B. Menyikapi Pluralitas
Identik dengan
istilah ‘pluralisme’ yang berarti ‘beragam’, pendapat orang tentang istilah
ini juga beraneka ragam pula. Secara harfiah pluralisme berarti jamak,
beberapa, berbagai hal, keberbagaian atau banyak. Oleh karenanya sesuatu
dikatakan plural pasti terdiri dari
banyak hal jenis, pelbagai sudut pandang serta latar belakang. [5]
Istilah
pluralisme sendiri sesungguhnya adalah istilah lama yang hari-hari ini kian
mendapatkan perhatian penuh dari semua orang. Dikatakan istilah lama karena
perbincangan mengenai pluralitas telah dielaborasi secara lebih jauh oleh para
pemikir filsafat Yunani secara konseptual dengan aneka ragam alternatif
memecahkannya. Para pemikir tersebut mendefinisikan pluralitas secara
berbeda-beda lengkap dengan beragam tawaran solusi menghadapi pluralitas.
Permenides menawarkan solusi yang berbeda dengan Heraklitos, begitu pula
pendapat Plato tidak sama dengan apa
yang dikemu-kakan Aristoteles.[6] Hal itu berarti bahwa isu
pluralitas sebenarnya setua usia manusia.
Sebelum
pertimbangan-pertimbangan atau interrest-interrest yang bersifat
politis, ideologis dan ekonomis menyertai kehidupan seseorang, dalam kehidupan
praktis sehari-hari, umat manusia telah menjalani kehidupan yang pluralistik
secara alamiah dan wajar-wajar saja. Kehidupan mengalir apa adanya tanpa ada
prasangka dan perhitungan-perhitungan lain yang lebih rumit. Persoalan
menyeruak ketika berbagai kepentingan dan pertimbangan tadi menempel dalam pola
interaksi antar manusia. Apalagi jika kepentingan yang disebut di atas lebih
menonjol, maka gesekan dan konflik adalah sesuatu yang tak terelakkan.
Bangsa
Indonesia sendiri adalah bangsa yang sering disebut sebagai bangsa paling
majemuk di dunia.
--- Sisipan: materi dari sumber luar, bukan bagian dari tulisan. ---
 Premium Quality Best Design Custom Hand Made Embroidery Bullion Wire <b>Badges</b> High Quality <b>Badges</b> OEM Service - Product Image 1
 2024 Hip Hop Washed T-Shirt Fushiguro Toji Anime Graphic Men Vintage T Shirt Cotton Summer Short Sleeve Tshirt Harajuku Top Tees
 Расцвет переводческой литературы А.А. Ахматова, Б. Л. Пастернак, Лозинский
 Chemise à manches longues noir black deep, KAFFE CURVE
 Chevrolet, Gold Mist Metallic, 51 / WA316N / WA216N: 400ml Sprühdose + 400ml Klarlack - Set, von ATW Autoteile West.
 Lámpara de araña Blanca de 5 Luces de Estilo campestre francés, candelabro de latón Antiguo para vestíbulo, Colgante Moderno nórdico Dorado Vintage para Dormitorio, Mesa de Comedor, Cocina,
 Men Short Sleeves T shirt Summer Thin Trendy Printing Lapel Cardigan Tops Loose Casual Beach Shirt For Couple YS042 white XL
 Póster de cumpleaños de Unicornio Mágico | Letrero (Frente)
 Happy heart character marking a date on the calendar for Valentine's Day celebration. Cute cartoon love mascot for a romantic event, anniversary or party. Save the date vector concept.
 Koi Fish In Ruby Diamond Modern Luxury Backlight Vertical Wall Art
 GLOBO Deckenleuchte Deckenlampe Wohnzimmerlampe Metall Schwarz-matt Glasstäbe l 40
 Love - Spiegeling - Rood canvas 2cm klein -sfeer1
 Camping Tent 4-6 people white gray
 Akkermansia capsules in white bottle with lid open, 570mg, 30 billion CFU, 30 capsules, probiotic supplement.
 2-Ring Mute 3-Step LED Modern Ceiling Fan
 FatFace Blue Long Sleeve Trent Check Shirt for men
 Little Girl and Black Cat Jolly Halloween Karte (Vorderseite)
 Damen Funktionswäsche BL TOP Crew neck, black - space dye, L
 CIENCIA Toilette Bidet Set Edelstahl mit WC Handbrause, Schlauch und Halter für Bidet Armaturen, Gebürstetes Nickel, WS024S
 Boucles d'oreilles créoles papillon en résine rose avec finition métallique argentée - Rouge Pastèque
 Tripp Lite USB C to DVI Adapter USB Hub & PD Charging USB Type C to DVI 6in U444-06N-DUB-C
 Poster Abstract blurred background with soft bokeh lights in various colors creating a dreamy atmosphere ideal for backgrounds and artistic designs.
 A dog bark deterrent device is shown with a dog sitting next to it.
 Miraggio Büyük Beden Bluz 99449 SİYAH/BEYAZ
Di negara dengan jumlah penduduk lebih dari 200 juta jiwa
ini, berdiam tidak kurang dari 300 etnis dengan identitas kulturalnya
masing-masing, lebih dari 250 bahasa dipakai,
beraneka adat istiadat serta beragam agama di anut. Kendati demikian kehidupan berjalan apa
adanya selama bertahun-tahun. Orang dengan suku berbeda dapat hidup rukun
dengan suku lain yang berbeda adat, bahasa, agama dan kepercayaan. Gesekan dan
konflik memang kerap terjadi kerena memang hal itu bagian dari dinamika
masyarakat, namun semua gesekan yang ada masih dalam tahap terkendali. Keadaan berubah
ketika masyarakat pendukung tak mampu menyikapi dan mengelola segala perbedaan
dan konflik yang ada menjadi “energi sosial” bagi pemenuhan kepentingan
bersama.
Konflik sendiri sebagaimana dipaparkan di
bagian lain tulisan ini, merupakan keniscayaan. Keberadaannya senantiasa
mengiringi masyarakat plural. Hampir tidak mungkin sebuah masyarakat yang
plural tak terlibat dan mengalami konflik. Konflik di sini memang tidak identik
dengan kerusuhan dan pertikaian. Konflik bisa saja tidak muncul kepermukaan
karena diredam sebagaimana selama ini efektif dimainkan oleh rezim pemerintah
Orde Baru, tetapi keberadaannya tak akan hilang sama sekali. Jika keadaan
memungkinkan konflik terselubung (hidden conflict) itu akan meledak
seperti saat ini. Dengan kata lain, akibat tersumbatnya konflik secara tidak
proporsional maka akan lahir konflik yang distruktif dan berpotensi
disintegratif bagi kelangsungan sebuah bangsa.
Jika pluralisme
itu given, sementara konflik adalah sesuatu yang inhern di dalamnya. Pertanyaan selanjutnya bagaimana
mengelola pluralitas dan konflik yang
ada sehingga menjadi sebuah energi sosial bagi penciptaan tatanan bangsa yang
lebih baik. Jawabannya tentu panjang dengan melibatkan pengkajian seluruh faktor
yang ada. Akan tetapi terkait dengan kajian ini (memahami pluralitas), ternyata menjaga kerukunan tidak cukup hanya
memahami keanekaragaman yang ada di sekitar kita secara apatis dan pasif. Memahami pluralisme meski melibatkan sikap
diri secara pluralis pula. Sebuah sikap penuh empati, jujur dan adil
menempatkan kepelbagaian, perbedaan pada tempatnya, yaitu dengan menghomati,
memahami dan mengakui eksistensi orang lain, sebagaimana menghormati dan
mengakui eksistensi diri sendiri.
Demikian juga
dalam menyikapi pluralisme beragama. Sikap yang seyogyanya dilakukan seseorang
adalah dengan memahami dan menilai “yang” (agama) lain berdasarkan standar mereka sendiri serta memberi peluang bagi
mereka untuk mengartikulasikan keyakinannya secara bebas. Alwi Shihab memberi
gabaran cukup baik dalam mengartikulasikan pluralisme agama. Menurutnya, “Pluralisme agama adalah bahwa tiap pemeluk
agama dituntut bukan saja mengakui keberadaan dan hak orang lain, tetapi juga
terlibat dalam usaha memahami perbedaan dan persamaan, guna tercapainya kerukunan
dalam kebhinekaan”[7].
Melalui pemahaman tentang pluralisme yang benar dengan diikuti upaya mewujudkan
kehidupan yang damai seperti inilah akan tercipta toleransi antar umat beragama
di Indonesia.
Toleransi yang
dimaksud tentu saja bukan toleransi negatif (negatif tolerance)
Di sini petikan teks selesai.